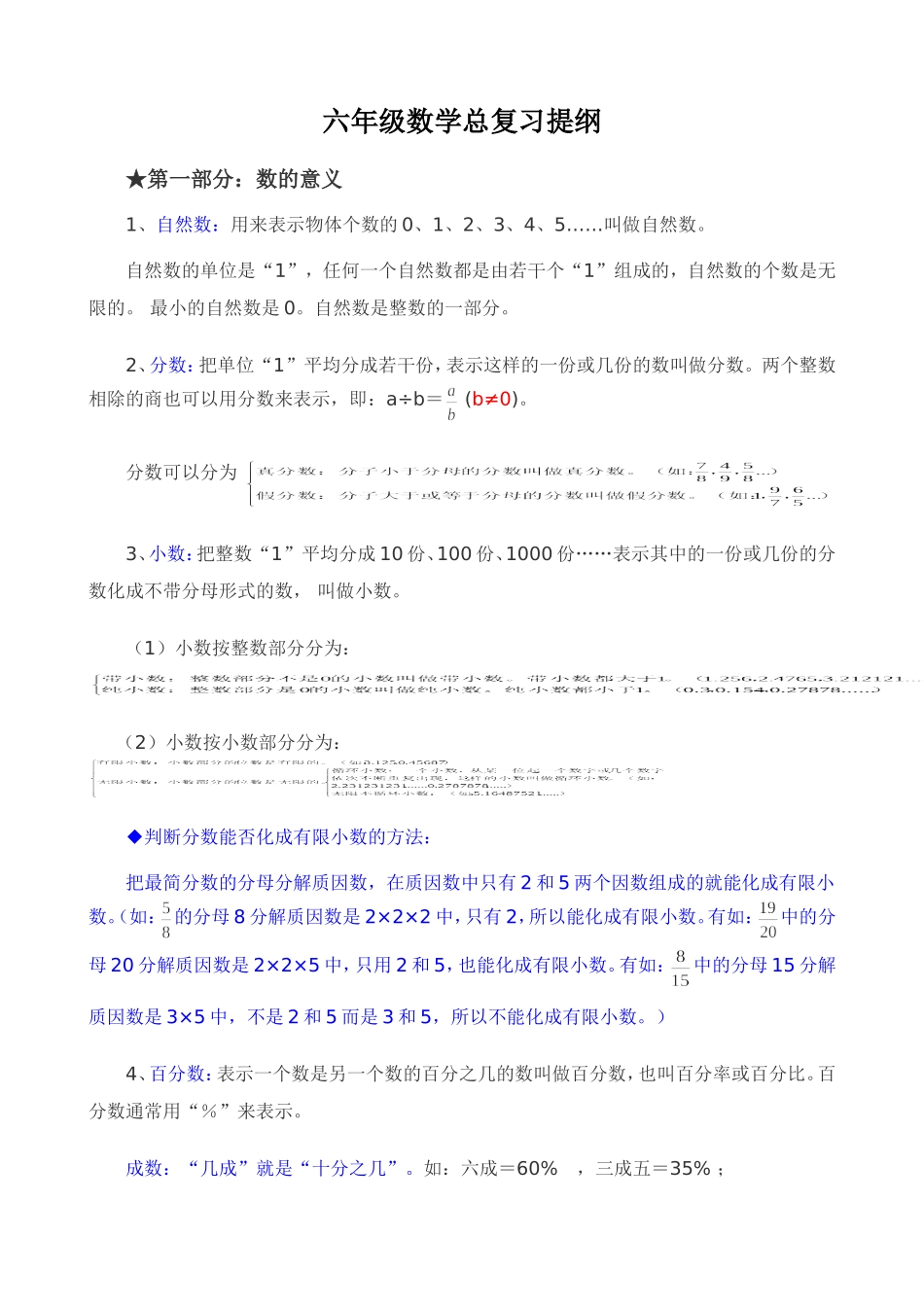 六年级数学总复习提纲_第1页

---

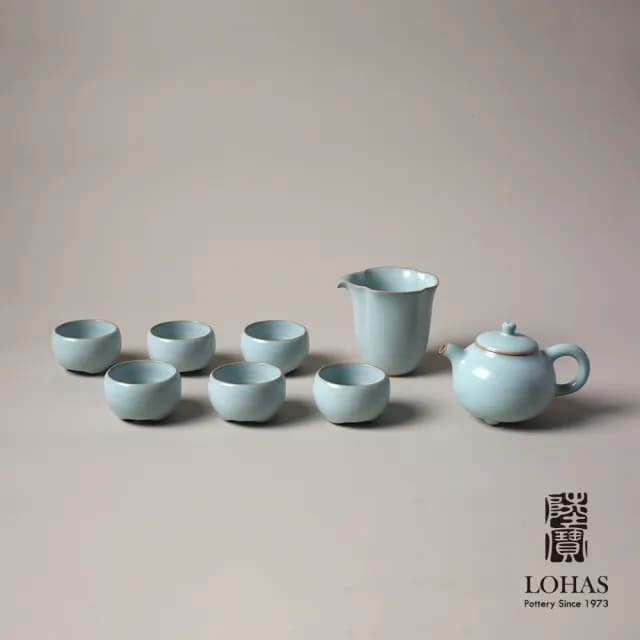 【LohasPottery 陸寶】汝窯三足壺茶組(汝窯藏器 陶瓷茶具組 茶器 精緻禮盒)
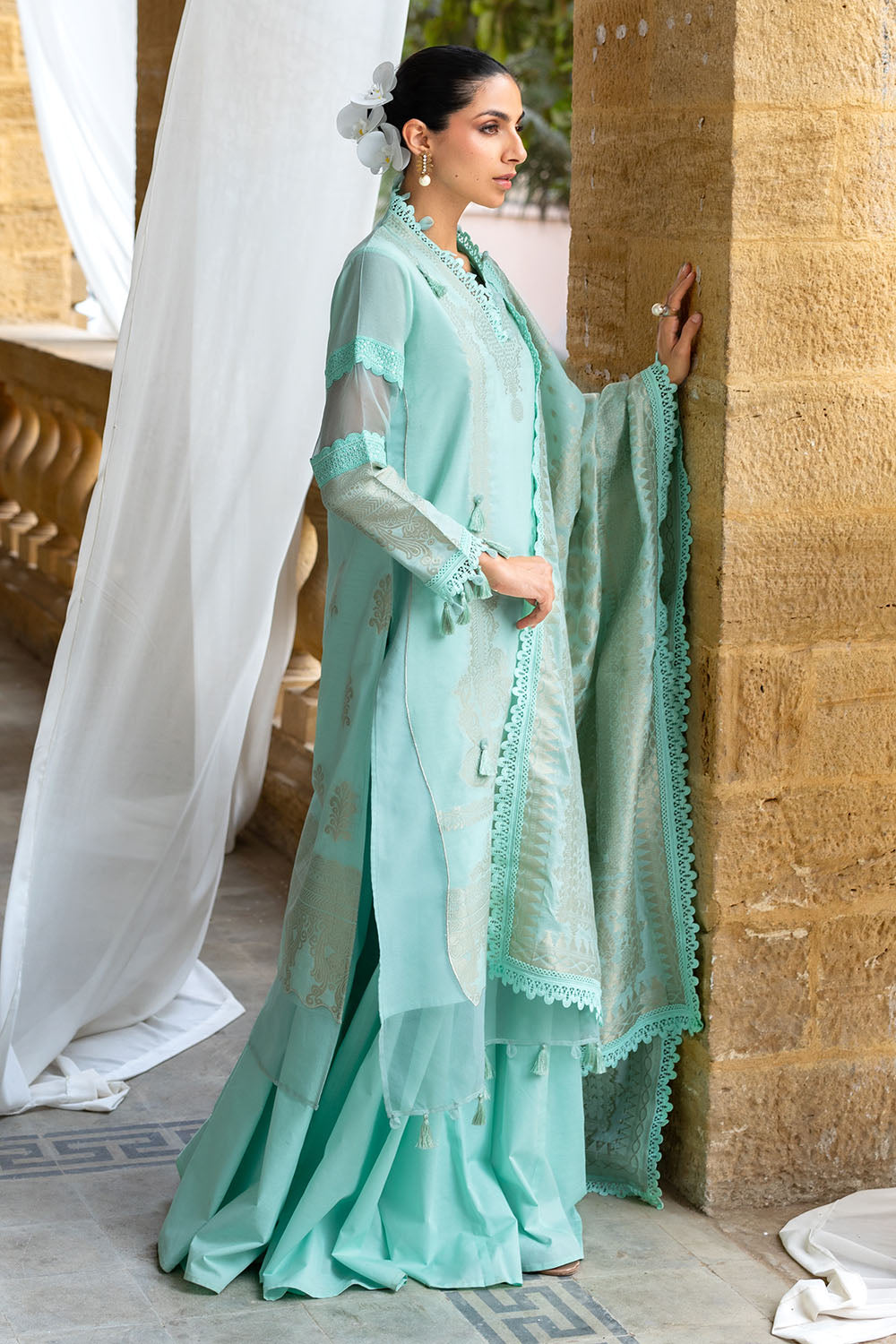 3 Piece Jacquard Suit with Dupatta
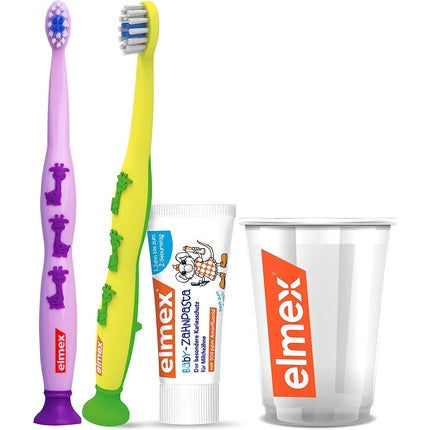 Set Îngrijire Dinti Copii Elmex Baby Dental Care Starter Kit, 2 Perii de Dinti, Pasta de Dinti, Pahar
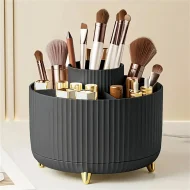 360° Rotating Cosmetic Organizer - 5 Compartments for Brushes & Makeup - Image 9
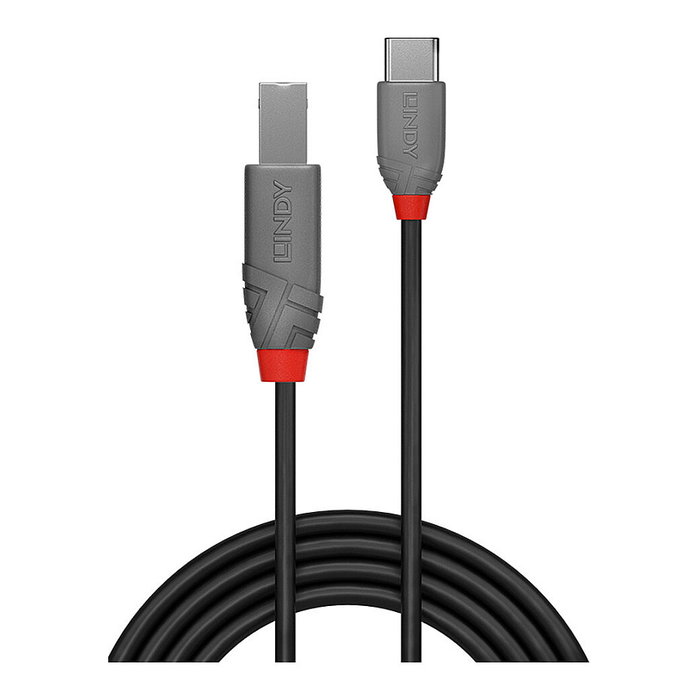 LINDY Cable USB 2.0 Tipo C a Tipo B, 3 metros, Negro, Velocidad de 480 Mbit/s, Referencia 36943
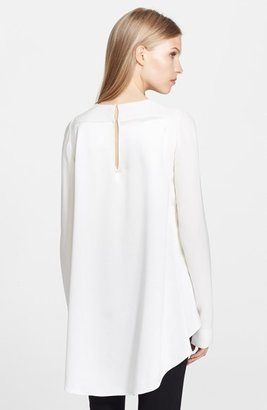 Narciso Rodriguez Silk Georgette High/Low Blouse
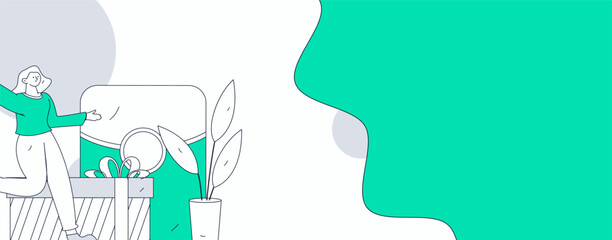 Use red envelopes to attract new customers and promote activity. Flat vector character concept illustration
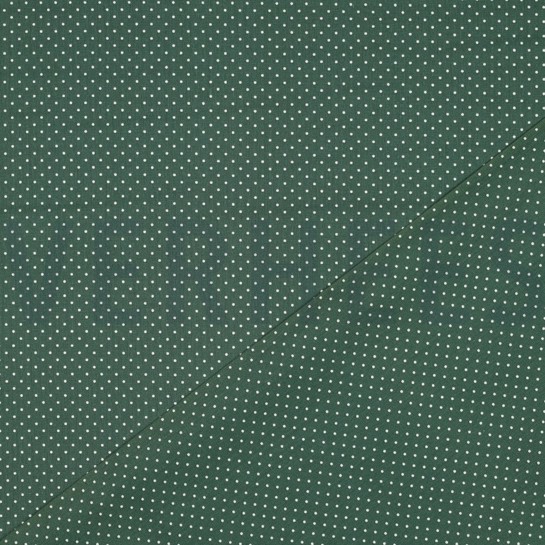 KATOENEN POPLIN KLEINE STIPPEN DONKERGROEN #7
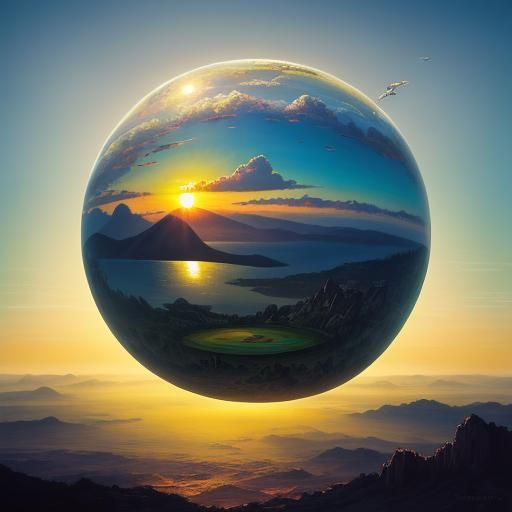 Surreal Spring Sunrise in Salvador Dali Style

--

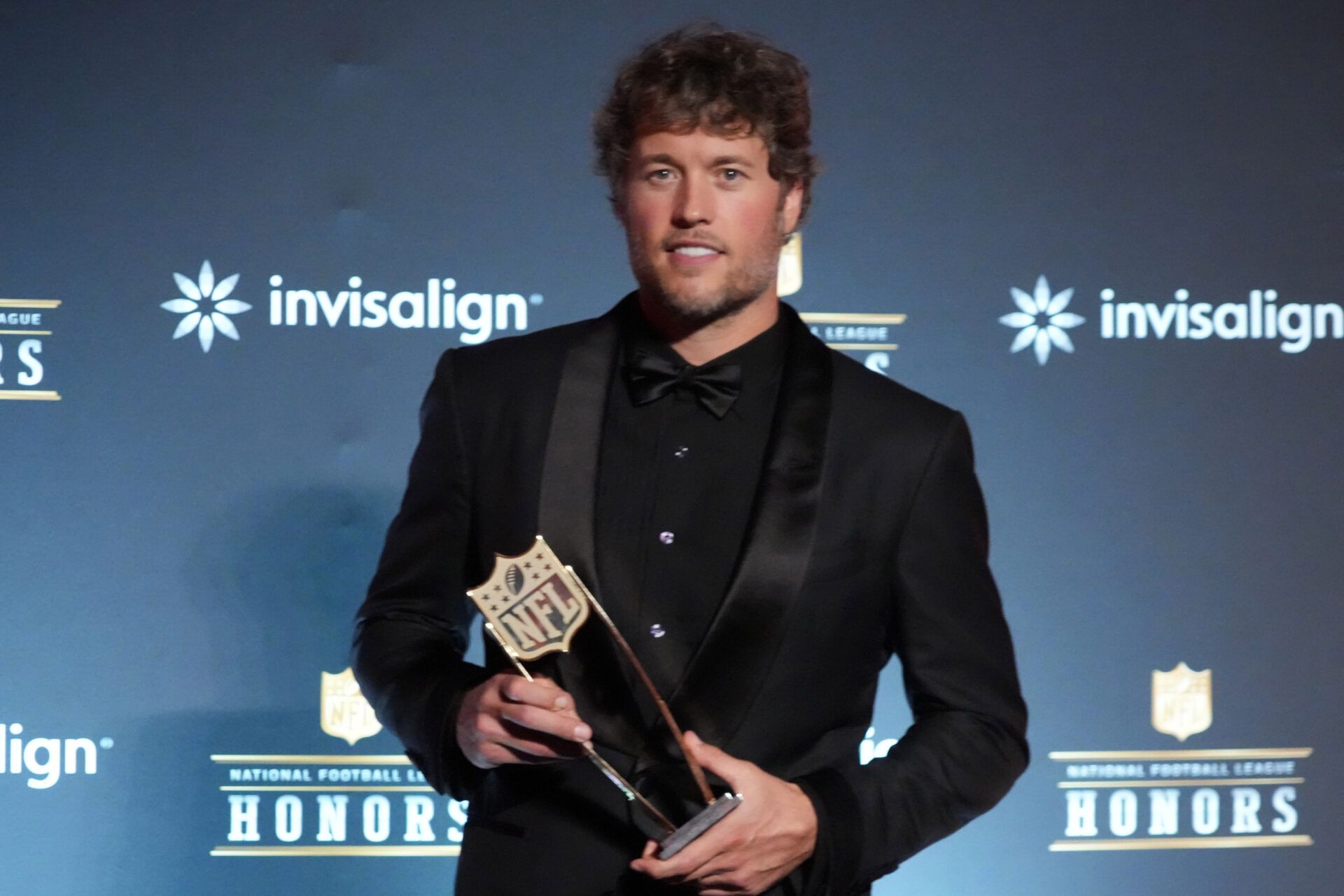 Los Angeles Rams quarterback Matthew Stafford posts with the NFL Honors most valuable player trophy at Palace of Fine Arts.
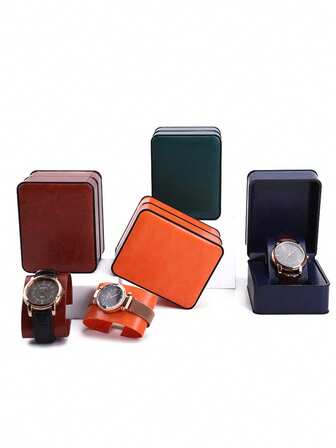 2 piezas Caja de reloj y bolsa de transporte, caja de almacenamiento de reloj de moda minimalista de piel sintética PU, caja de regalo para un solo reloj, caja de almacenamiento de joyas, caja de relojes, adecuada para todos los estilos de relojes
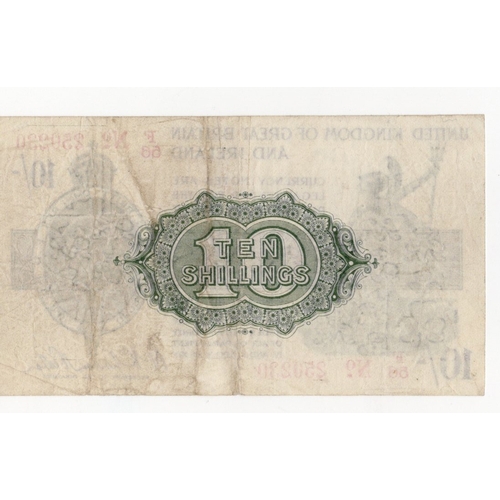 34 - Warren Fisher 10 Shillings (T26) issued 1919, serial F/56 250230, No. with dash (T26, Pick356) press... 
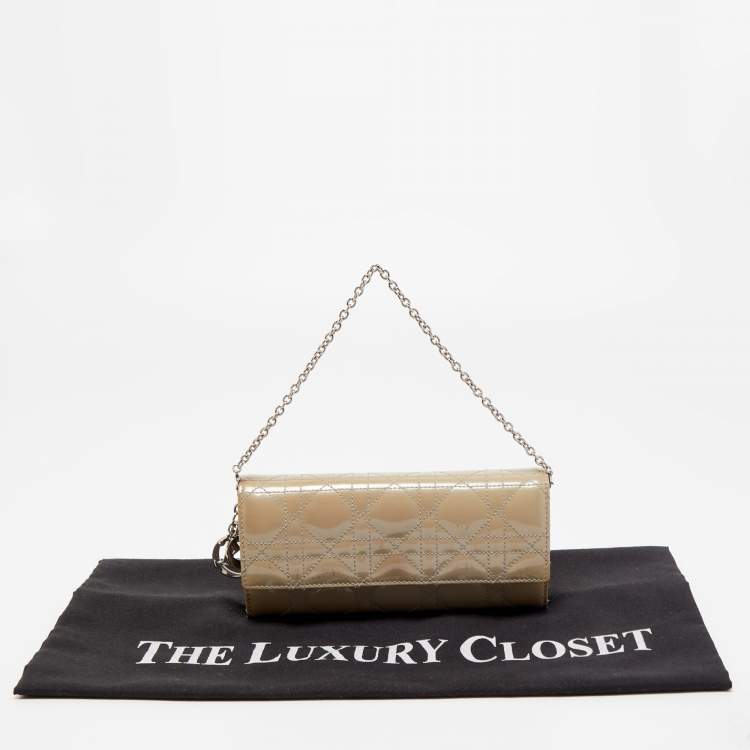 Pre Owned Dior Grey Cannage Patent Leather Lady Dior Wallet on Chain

▶ _Exercise brief_
The answer should consist only of the lines above from the one with "Set Îngrijire Dinti" through the one with "Surreal Spring Sunrise", repeated exactly, with no pictures among them.

▶ _Written answer_
 Set Îngrijire Dinti Copii Elmex Baby Dental Care Starter Kit, 2 Perii de Dinti, Pasta de Dinti, Pahar
 360° Rotating Cosmetic Organizer - 5 Compartments for Brushes & Makeup - Image 9
 LINDY Cable USB 2.0 Tipo C a Tipo B, 3 metros, Negro, Velocidad de 480 Mbit/s, Referencia 36943
 Narciso Rodriguez Silk Georgette High/Low Blouse
 Use red envelopes to attract new customers and promote activity. Flat vector character concept illustration
 KATOENEN POPLIN KLEINE STIPPEN DONKERGROEN #7
 Surreal Spring Sunrise in Salvador Dali Style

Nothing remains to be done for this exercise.